CSS Selectors Cheat Sheet - How to scrape the web tips and tricks

Ștefan Răcila on Dec 15 2022

Before writing a web scraper, you need to understand the data you are going to scrape and how to access that data. There are many ways in which you can access data in a web page, the most common one is to use CSS Selectors. Another alternative is to use XPath. You can find the XPath Cheat Sheet here.

Introduction to the DOM

In the process of parsing an HTML file, the browser creates a data representation in its memory that looks like a tree. This representation is called the DOM (Document Object Model). For every HTML tag, there is a node paired with it in the DOM. A node has properties like name, content, child nodes, styles, events etc. You can find more information about how browser rendering works on this article How browser rendering works — behind the scenes.

When we say that we want to access data from a web page, we only want to iterate through the DOM to a specific set of nodes and extract the content inside them. In this article I will tell you different tips on how to access those nodes quickly using CSS Selectors.

What are CSS Selectors?

Why are they named CSS (Cascading Style Sheets) Selectors in the first place? 

CSS is used to define the appearance of nodes on a page. With CSS you can write rules about what a node's appearance should be and how it should interact with other nodes. A rule is composed of a selector and a list of styles to overwrite.

So, these selectors are associated with CSS because this is their most common use, but we don’t need to use them with just CSS. With CSS you want to select a node and change its style property. If you think about it, we want to do the same thing: select a node and do something with it, like read its contents or trigger an event. 

How do CSS Selectors work?

It will help you greatly if you visualize the selection happening. Let’s say that you want to scrape all paragraphs from a website. You want to get all nodes that have the name `p`. You can do that by hand. You just need to iterate through every node on the DOM and select only the nodes that have  node.tagName === 'P' (tag names are uppercase).

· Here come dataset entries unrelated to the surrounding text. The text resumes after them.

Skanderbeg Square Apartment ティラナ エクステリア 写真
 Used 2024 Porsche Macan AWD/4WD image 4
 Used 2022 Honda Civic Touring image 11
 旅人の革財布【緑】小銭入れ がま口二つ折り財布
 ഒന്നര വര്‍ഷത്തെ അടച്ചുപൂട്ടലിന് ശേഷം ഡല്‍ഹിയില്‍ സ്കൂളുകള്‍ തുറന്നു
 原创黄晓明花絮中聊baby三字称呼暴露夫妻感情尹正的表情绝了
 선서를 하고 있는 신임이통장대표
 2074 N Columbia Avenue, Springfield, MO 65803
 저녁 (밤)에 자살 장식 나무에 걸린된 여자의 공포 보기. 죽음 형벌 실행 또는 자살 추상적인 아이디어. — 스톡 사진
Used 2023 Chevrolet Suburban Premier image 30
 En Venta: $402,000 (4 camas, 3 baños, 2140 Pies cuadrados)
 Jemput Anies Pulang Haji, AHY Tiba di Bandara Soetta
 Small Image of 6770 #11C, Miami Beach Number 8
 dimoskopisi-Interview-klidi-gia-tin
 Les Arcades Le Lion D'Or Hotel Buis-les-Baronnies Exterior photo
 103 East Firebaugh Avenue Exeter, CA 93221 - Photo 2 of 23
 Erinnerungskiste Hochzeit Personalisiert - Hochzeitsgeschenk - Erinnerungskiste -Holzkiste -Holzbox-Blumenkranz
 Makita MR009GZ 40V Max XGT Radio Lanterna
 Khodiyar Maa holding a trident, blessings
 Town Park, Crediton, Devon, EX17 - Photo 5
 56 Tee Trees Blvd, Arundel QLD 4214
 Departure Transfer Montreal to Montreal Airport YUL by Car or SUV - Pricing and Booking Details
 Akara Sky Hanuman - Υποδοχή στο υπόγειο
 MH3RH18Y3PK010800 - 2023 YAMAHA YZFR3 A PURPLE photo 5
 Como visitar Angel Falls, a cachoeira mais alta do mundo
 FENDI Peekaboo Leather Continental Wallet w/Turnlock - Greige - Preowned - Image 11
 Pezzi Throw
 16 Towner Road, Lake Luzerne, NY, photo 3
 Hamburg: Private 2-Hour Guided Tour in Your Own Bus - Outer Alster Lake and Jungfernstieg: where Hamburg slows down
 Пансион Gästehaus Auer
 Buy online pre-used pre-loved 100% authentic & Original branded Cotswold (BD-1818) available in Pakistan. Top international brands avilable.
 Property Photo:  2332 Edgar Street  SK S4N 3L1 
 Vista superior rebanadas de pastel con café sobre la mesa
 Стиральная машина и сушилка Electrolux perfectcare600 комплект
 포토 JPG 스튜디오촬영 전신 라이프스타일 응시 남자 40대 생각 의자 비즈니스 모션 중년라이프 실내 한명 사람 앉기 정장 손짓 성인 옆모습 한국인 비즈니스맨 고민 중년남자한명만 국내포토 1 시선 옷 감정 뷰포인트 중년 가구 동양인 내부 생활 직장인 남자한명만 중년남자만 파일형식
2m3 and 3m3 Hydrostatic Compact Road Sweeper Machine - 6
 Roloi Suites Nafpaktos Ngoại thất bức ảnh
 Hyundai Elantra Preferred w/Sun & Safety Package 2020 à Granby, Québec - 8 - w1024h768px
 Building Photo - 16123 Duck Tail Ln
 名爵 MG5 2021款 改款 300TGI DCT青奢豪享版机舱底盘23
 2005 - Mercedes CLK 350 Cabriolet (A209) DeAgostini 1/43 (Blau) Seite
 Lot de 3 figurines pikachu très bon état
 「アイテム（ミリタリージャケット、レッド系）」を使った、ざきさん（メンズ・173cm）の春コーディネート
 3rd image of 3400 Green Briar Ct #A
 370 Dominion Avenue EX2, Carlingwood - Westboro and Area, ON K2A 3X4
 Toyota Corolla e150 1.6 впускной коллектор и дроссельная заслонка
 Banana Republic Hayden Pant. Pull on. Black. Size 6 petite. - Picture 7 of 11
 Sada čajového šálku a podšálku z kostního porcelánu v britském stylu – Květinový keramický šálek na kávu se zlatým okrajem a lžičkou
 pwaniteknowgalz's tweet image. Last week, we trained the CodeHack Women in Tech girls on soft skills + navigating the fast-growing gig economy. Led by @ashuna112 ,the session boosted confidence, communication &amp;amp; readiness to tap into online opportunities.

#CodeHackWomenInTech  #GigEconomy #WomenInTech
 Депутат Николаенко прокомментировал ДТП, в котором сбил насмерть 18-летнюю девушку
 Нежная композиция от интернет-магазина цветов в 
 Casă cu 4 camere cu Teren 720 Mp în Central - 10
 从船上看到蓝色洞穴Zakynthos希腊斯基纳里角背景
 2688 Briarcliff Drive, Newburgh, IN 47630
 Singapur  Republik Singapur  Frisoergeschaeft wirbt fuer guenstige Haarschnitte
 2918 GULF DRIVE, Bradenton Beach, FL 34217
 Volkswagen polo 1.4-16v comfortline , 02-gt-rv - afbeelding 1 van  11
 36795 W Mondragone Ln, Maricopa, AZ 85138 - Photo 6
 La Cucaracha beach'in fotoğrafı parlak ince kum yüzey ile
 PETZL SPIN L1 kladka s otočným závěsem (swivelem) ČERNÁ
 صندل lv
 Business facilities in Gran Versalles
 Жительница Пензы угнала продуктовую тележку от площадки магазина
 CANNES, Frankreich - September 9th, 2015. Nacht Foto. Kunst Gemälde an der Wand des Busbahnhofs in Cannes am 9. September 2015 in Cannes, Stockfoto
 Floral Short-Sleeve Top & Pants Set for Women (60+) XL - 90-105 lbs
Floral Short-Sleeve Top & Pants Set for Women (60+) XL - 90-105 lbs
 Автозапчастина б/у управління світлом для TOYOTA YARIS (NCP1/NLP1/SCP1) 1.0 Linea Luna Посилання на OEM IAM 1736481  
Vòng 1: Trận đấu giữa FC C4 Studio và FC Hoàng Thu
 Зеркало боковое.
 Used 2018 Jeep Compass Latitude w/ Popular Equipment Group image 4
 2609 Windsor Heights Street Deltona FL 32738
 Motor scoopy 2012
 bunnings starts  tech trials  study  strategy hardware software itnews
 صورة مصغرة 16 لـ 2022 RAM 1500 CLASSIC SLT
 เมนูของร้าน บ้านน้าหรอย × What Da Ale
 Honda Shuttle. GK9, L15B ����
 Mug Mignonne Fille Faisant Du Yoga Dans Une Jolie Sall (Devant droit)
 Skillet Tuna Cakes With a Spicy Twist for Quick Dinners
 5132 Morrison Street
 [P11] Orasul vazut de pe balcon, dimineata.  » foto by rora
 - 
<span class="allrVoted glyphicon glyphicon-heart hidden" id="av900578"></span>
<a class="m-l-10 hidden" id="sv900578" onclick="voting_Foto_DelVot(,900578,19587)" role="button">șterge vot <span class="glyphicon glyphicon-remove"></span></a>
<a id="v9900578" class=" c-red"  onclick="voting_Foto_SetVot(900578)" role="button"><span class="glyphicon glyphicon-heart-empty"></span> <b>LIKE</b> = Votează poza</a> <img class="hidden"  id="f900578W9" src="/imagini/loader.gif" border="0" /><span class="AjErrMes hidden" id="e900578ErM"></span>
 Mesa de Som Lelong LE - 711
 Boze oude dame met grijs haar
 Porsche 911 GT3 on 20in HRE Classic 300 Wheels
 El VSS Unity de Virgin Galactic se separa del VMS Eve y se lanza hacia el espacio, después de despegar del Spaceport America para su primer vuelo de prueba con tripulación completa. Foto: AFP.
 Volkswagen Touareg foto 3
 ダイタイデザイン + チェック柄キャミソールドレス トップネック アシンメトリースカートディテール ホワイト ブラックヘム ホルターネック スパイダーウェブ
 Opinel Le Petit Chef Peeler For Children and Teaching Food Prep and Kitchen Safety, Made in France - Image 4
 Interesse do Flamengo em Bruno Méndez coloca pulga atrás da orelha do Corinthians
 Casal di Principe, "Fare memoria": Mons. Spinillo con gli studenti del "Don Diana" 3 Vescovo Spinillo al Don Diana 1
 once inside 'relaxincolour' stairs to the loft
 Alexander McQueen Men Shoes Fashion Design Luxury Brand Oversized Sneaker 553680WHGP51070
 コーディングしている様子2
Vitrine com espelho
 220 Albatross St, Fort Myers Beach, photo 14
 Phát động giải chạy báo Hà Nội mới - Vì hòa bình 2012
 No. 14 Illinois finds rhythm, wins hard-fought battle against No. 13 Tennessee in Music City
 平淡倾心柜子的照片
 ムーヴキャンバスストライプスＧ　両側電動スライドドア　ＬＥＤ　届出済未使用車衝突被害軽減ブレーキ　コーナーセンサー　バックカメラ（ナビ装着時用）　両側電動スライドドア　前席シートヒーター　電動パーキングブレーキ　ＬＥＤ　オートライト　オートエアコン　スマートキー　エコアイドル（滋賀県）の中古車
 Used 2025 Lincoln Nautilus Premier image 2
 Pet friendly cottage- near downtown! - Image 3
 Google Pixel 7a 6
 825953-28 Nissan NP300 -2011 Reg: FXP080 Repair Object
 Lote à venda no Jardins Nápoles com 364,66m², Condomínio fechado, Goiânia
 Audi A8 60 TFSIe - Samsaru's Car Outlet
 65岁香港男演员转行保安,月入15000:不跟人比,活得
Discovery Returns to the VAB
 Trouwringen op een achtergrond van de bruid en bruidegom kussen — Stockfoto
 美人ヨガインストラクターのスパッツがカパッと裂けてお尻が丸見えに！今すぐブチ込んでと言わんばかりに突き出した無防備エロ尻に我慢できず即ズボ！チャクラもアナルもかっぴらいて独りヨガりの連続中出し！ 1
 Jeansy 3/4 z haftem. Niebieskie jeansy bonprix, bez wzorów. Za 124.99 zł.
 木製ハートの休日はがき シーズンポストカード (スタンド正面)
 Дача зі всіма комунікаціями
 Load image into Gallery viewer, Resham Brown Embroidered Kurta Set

Here is a short code snippet that you can use:

function scrapeByTagName(node, tagName) {
if (node === null)
return;

node.childNodes.forEach(node => {
//console.log(node.tagName)

if (node.tagName?.toLowerCase() === tagName.toLowerCase()) {
console.log(node)
return
}

scrapeByTagName(node, tagName)
});
}

I made a dummy web page that looks like this:

blog-image

And here is the HTML for it:

<!DOCTYPE html>
<html lang="en">

<head>
<link rel="stylesheet" href="styles.css">
<script src="script.js"></script>
</head>

<body>
<div id="wrapper">
<h1 custom-attr="some data">Some Title</h1>
<h2 custom-attr="some other data">Some Subtitle</h2>
<div id="container">
<p custom-attr>paragraph
<span> subparagraph</span>
</p>
<p id="text">paragraph with id #text</p>
<p class="bold">paragraph with class .bold</p>
<p class="text">paragraph with class .text</p>
<p class="text bold">paragraph with class .text.bold</p>
<p class="text italic">paragraph with class .text.italic</p>
</div>
</div>
</body>

</html>

After I ran the function in the browser console, I got this response:

blog-image

As you can see, the function logged all the p tags.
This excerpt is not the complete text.